We woke up early for a 2hr drive to the airport to catch a 9am international flight on a Friday morning. By all calculations and the recommended times we were to arrive at the airport, we should have had 30mins at our gate once we passed through security. However, calculations don’t include errors such as drug-sniffing dogs, commuter flights, and cranky TSA workers.
We arrived on time, we checked our bag and headed towards security. The line was longer than I had ever seen, wrapping around poles and hallways. As we came around a bend there stood a group of TSA workers, a police officer, and a K9. Peter was extremely excited, I, on the other hand, had pure dread. I had to pee, I hated security, I was tired from lack of sleep and now I had to fight the dog crazed mindset of Peter.

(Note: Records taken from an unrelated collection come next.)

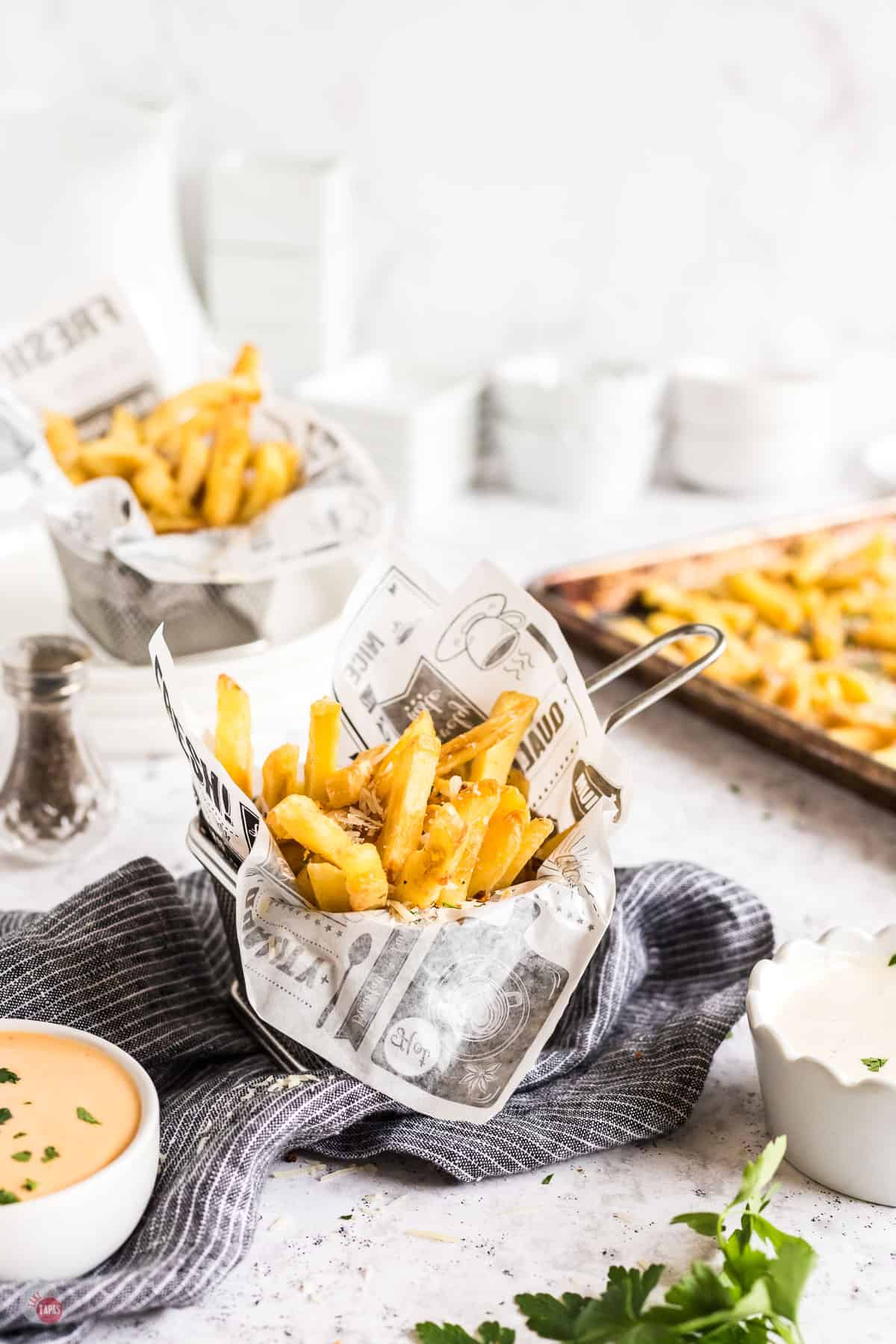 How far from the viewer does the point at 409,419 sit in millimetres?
2705

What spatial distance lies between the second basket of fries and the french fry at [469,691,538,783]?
0.56 m

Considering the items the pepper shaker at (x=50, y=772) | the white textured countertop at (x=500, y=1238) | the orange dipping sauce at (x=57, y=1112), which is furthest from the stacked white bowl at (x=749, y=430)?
the orange dipping sauce at (x=57, y=1112)

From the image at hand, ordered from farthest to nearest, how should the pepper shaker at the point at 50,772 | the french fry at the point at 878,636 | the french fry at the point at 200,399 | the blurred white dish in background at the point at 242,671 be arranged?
the french fry at the point at 878,636 → the french fry at the point at 200,399 → the blurred white dish in background at the point at 242,671 → the pepper shaker at the point at 50,772

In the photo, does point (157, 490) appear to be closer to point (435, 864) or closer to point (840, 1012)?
point (435, 864)

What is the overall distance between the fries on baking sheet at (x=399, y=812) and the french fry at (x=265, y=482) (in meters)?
0.72

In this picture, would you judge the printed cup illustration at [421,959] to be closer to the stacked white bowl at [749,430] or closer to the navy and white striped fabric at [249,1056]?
the navy and white striped fabric at [249,1056]

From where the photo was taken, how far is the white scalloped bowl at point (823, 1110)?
3.38 feet

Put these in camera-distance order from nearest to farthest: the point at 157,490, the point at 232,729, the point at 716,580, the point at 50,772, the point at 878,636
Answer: the point at 232,729 < the point at 50,772 < the point at 157,490 < the point at 878,636 < the point at 716,580

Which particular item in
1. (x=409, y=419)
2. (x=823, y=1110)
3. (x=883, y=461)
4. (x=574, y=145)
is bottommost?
(x=883, y=461)

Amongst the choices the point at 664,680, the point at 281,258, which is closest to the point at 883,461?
the point at 281,258

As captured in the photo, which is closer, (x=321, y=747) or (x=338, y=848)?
(x=338, y=848)

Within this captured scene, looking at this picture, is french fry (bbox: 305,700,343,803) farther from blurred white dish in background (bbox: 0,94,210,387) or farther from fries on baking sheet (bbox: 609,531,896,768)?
blurred white dish in background (bbox: 0,94,210,387)

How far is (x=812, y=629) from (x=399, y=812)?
1282mm

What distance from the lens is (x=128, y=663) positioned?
188 cm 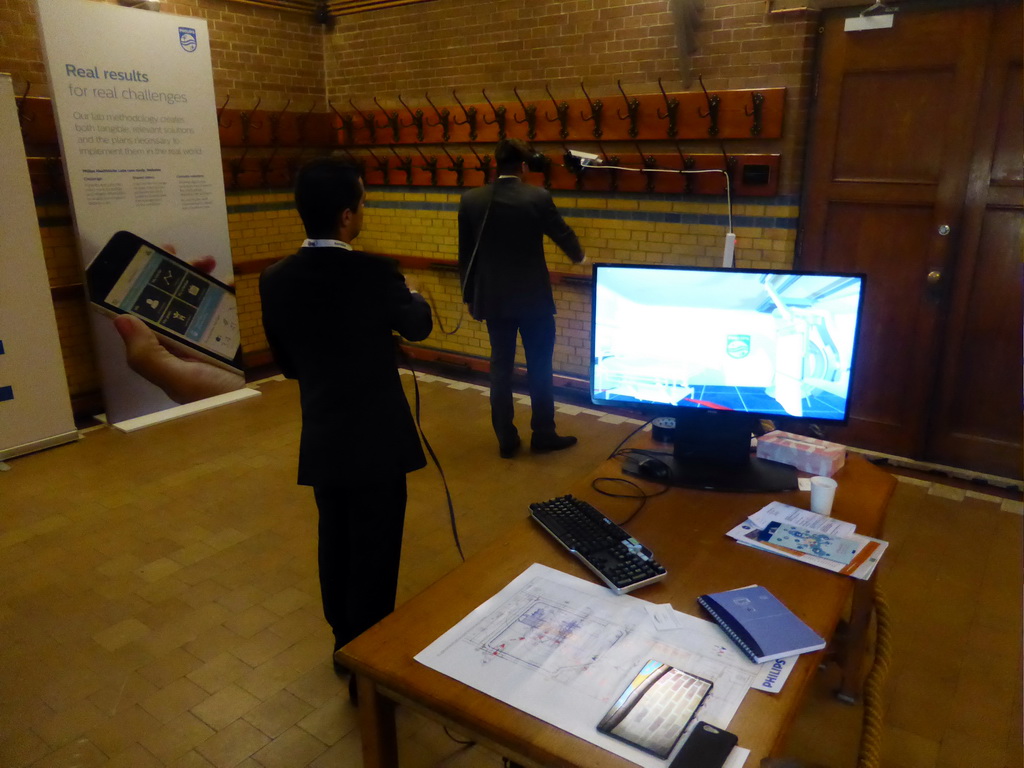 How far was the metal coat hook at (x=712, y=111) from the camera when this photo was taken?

You see, Peter is the type of guy who will open his car window to talk to a dog as it walks by. So when he see’s a dog at the airport I instinctively have to pull him back from wanting to pet the dog, play with the dog, talk with the dog, or anything related to possibly getting him arrested if the dog is working. I’m pretty sure this makes it look as though we are smuggling drugs or sandwiches across the security checkpoint whichever would need the full distraction.
We watched as the dog did his job, flagged someone who was then pulled from the line and when it was our turn to pass the dog, it followed us instead. My mind started wandering, what could have set the dog off, are we going to miss our flight, does this mean a cavity search… honestly every YouTube video of people going through TSA came to mind all of a sudden.

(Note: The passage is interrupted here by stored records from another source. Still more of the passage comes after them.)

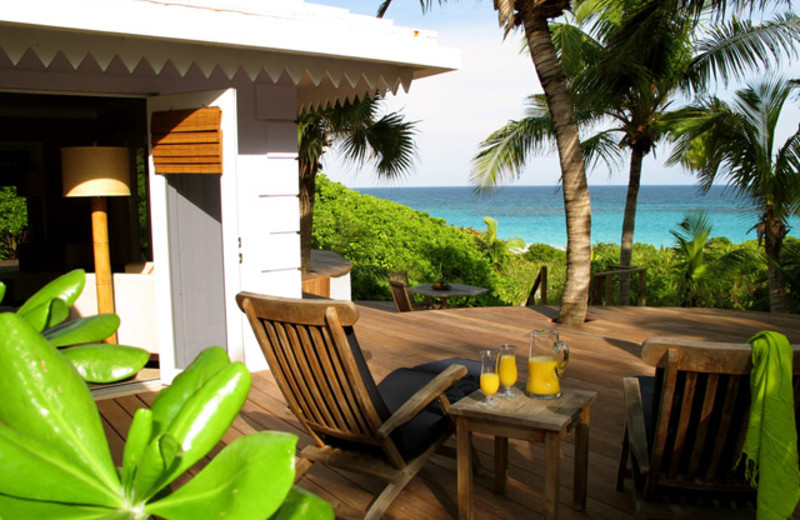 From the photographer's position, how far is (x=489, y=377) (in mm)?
2680

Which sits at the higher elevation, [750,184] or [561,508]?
[750,184]

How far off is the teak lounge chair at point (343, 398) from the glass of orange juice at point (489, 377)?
14 centimetres

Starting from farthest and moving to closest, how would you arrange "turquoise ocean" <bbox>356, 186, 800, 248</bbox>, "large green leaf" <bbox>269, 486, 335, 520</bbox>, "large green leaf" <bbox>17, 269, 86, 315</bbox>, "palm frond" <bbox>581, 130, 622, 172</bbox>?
"turquoise ocean" <bbox>356, 186, 800, 248</bbox> → "palm frond" <bbox>581, 130, 622, 172</bbox> → "large green leaf" <bbox>17, 269, 86, 315</bbox> → "large green leaf" <bbox>269, 486, 335, 520</bbox>

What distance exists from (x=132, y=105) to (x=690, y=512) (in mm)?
6113

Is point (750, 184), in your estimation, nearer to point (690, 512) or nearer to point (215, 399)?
point (690, 512)

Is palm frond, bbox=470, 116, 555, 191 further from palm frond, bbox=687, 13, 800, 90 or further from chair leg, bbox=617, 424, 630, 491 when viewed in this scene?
chair leg, bbox=617, 424, 630, 491

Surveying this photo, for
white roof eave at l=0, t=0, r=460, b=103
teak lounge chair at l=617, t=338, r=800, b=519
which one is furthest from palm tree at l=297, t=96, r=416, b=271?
teak lounge chair at l=617, t=338, r=800, b=519

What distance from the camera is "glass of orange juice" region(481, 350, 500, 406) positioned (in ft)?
8.81

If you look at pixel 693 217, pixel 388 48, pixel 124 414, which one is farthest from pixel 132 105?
pixel 693 217

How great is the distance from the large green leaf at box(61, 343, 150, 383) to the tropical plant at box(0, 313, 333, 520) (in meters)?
0.11

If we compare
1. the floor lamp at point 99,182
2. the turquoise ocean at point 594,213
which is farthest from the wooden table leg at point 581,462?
the turquoise ocean at point 594,213

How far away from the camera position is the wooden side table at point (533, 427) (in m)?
2.51

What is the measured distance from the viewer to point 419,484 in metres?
3.14

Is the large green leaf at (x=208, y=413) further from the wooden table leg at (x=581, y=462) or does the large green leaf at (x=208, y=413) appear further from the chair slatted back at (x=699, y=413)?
the wooden table leg at (x=581, y=462) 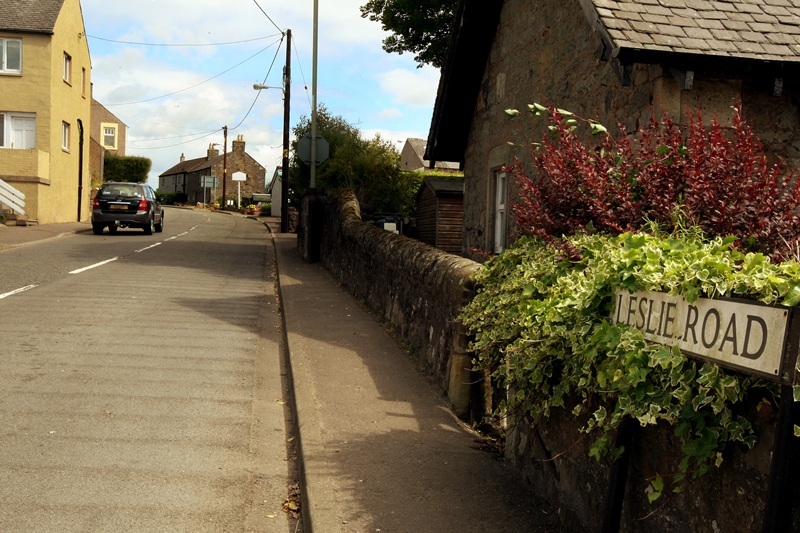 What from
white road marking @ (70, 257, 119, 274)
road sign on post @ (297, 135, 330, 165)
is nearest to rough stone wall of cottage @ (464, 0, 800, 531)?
white road marking @ (70, 257, 119, 274)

We were pulled out of line where we stood surrounded by 3 TSA agents in which we were told that the dog was alerted to something in our bag. I started mentally rolling through what was in the bag… vitamins, swimsuits, sneakers, goggles, a two can of Pringles and some M&M’s… so we waited for forty more minutes to learn if the dog was hungry or if we missed a new regulation from TSA.
Once our bags were scanned, we walked through a metal detector, and a full body scanner we were then both patted down. What was to come next, however, was something no one… I literally mean no one on the face of my tiny planet (I’m talking the people I know, the people Peter knows, etc.) would expect.

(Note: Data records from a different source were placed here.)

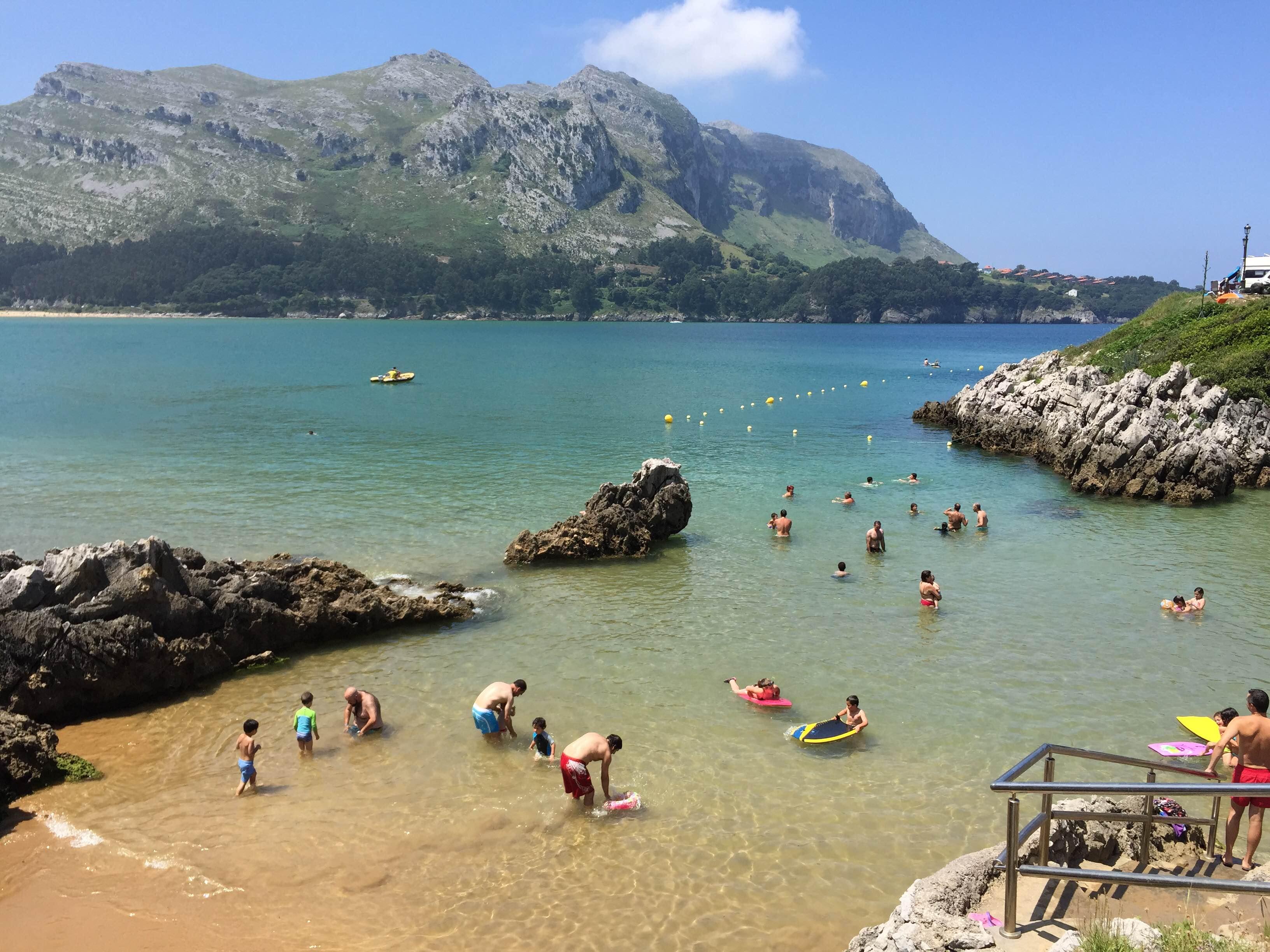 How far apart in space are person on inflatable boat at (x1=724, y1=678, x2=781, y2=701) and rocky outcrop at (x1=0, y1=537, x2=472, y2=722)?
7278mm

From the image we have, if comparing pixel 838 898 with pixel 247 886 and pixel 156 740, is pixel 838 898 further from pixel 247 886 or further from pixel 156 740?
pixel 156 740

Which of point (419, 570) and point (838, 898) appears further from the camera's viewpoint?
point (419, 570)

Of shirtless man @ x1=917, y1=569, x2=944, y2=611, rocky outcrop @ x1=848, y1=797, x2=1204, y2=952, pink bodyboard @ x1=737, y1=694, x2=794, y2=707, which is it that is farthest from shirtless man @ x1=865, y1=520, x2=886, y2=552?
rocky outcrop @ x1=848, y1=797, x2=1204, y2=952

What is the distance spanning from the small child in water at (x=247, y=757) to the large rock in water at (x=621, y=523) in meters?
11.7

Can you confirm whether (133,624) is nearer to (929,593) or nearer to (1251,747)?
(929,593)

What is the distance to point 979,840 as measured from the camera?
40.0 ft

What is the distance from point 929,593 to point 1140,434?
835 inches

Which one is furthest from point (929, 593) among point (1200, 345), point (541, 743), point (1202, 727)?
point (1200, 345)

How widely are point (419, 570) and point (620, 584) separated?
5622mm

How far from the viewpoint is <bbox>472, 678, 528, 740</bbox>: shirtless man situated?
1495cm

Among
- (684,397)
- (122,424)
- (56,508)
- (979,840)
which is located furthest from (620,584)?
(684,397)

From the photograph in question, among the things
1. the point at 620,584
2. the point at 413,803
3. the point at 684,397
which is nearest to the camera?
the point at 413,803

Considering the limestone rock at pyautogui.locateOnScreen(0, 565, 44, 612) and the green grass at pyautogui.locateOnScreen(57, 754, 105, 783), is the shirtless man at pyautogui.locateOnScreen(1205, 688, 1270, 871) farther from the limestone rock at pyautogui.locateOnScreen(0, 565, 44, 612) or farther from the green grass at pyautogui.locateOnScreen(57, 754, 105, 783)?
the limestone rock at pyautogui.locateOnScreen(0, 565, 44, 612)

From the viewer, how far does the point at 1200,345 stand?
47.5 meters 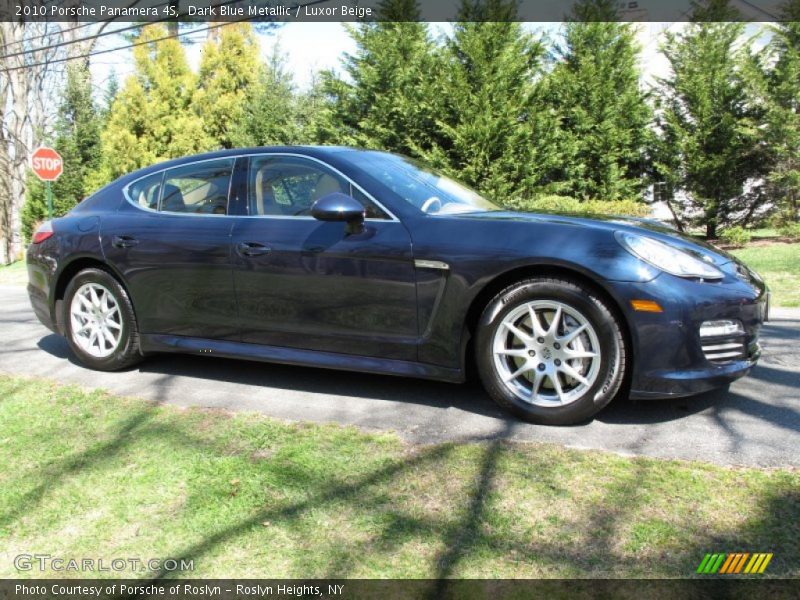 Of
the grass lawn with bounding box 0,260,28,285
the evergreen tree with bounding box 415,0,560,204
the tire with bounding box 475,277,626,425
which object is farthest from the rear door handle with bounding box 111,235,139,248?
the evergreen tree with bounding box 415,0,560,204

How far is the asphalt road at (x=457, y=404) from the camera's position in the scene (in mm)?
3115

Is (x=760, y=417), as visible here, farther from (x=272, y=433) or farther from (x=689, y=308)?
(x=272, y=433)

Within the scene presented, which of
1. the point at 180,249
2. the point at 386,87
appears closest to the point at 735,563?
the point at 180,249

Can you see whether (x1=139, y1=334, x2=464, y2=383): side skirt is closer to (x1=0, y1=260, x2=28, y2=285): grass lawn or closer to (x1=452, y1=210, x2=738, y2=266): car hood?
(x1=452, y1=210, x2=738, y2=266): car hood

Many are accustomed to having their hands swiped randomly at the security check, I’ve had it before without any issues, so I thought nothing of it when they did it yet again among every piece of personal property we had in our bags. As my hands are swiped and the swab is placed into the machine alarms started going off.
“What did you do?” I hear from behind me as I turn around to see Peter holding up his pants because he hasn’t been granted the ability put a belt back on yet.
My first instinct says don’t say “bomb” my second instinct tells me we are even closer to missing our flight. But it became a blur of people moving around me, a few laughs to make me smile, a second pat down and suddenly an explosive expert walks in. Jeez I know I’m hot, but come on I’m only going to blow one thing up and I’m not allowed near the bathroom right now. As the clock keeps ticking and everything else comes up clean the explosive expert asks me “have you touched cold cuts or sandwich meats?”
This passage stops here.